I WAS both heartened and saddened to read the article by Phil Miller (“Orchestra hits all the right notes”, The Herald, June 19) .

I was heartened by the positive impact that Big Noise is having in Torry, as it also appears to have had in the previously piloted areas, Raploch and Govanhill. But I was saddened to read that Torry has become “one of the most deprived areas in Scotland” – and this in oil-rich Aberdeen, which has experienced over four decades of oil wealth.

I was raised in Torry and attended Walker Road primary school, one of those participating the Big Noise scheme, and lived in the area for most of my life before leaving Aberdeen to live and work in Glasgow in the early 1970s. If I have had a dram or two, I have been known to claim to yet be a Torry Loon, despite spending more than four decades in the Dear Green Place.

Whilst Torry, its economy based on the trawling industry and its associated land-based operations, was always a rough and ready place, no-one would ever have described it as deprived. Sadly, many visits back over the years have confirmed that the guts have been ripped out of the place, and that none of the benefits of the oil boom has come anywhere near Torry.

There are other areas of the city, for example Woodside in the north, where a similar tale could be told. Indeed, it appears that, outside London, the wealth gap in Aberdeen is greater than anywhere else in the UK.

When I moved to Glasgow I lived for two years in the mid-1970s in Govanhill.
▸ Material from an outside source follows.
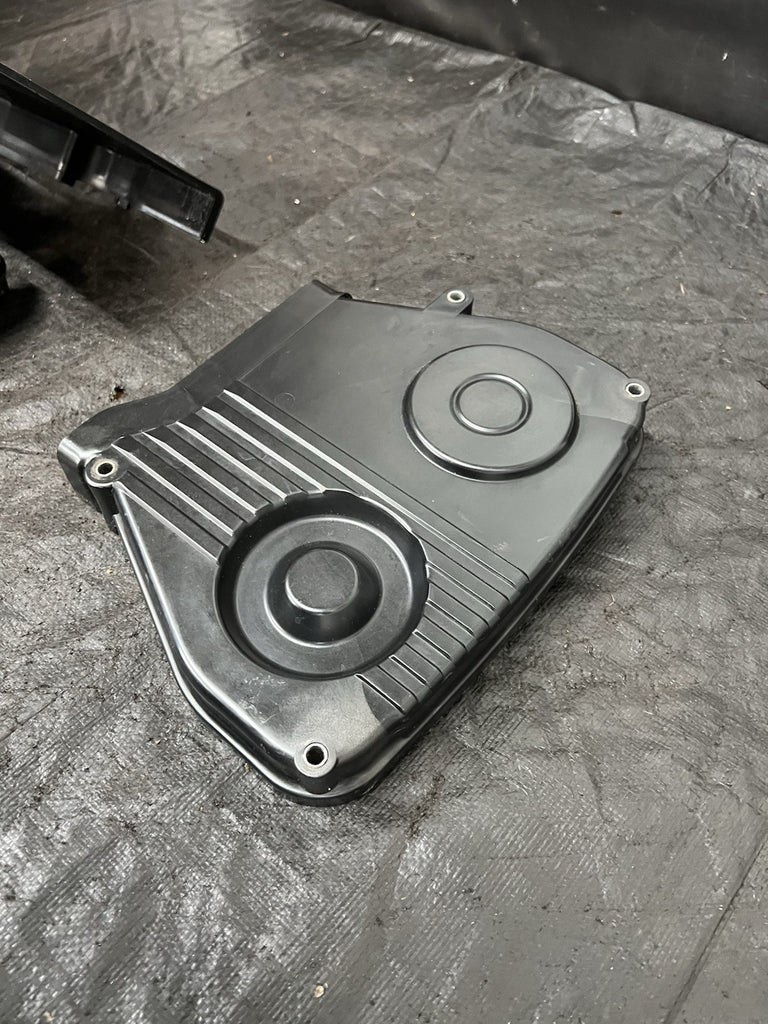 2006-2014 SUBARU WRX & 04-07 STI OUTER & INNER TIMING BELT COVER SET OEM #212661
At that time it was a prosperous and “respectable” working class area ( a lot more “respectable” than demotic Torry, I can assure you). Forty years of economic policy and economic developments have made it and Torry two of the many communities that have become marginalised from the mainstream of economic and social life. It will need a lot more than Big Noise (more power to its elbow) to bring about a reversal of these trends. It will need political will and political change.

Ian R Mitchell,

21 Woodside Terrace,

Glasgow.

DAVID Johnstone (Letters, June 19)) is right that there is almost nowhere in Scotland that has been shaped only by nature and might therefore be considered wilderness.

Scotland’s wild land has a distinct and special character, recognised by the Scottish Government as a key component of our identity and important for the many benefits it offers, including economically by attracting visitors and tourists.

In drawing up the 2014 Wild Land Areas (WLAs) map, Scottish Natural Heritage adopted a robust and systematic methodology, including consultation that showed strong public support for safeguarding wild land. Our recent YouGov poll found that 80 per cent of Scots want to keep WLAs free of major development. The trust is taking the opportunity in the forthcoming Planning Bill to call for the protection given to national parks and national scenic areas from wind farms to be extended to WLAs.

This is not an anti-wind agenda, but a reflection of the pressure these areas are under from developments. We believe we can tackle climate change and develop renewables without destroying special areas.

Protecting wild land can go hand in hand with a living, working countryside. The trust’s campaign reflects the potential the protection of wild land offers to remote communities, including developing wildlife tourism.

In the YouGov poll the Highlands and Islands, where most of Scotland’s wild land is located, had the highest proportion of people (60 per cent) who strongly agree with the protection of WLAs.

Mel Nicoll, Campaigns Co-ordinator,

John Muir Trust, Station Road, Pitlochry.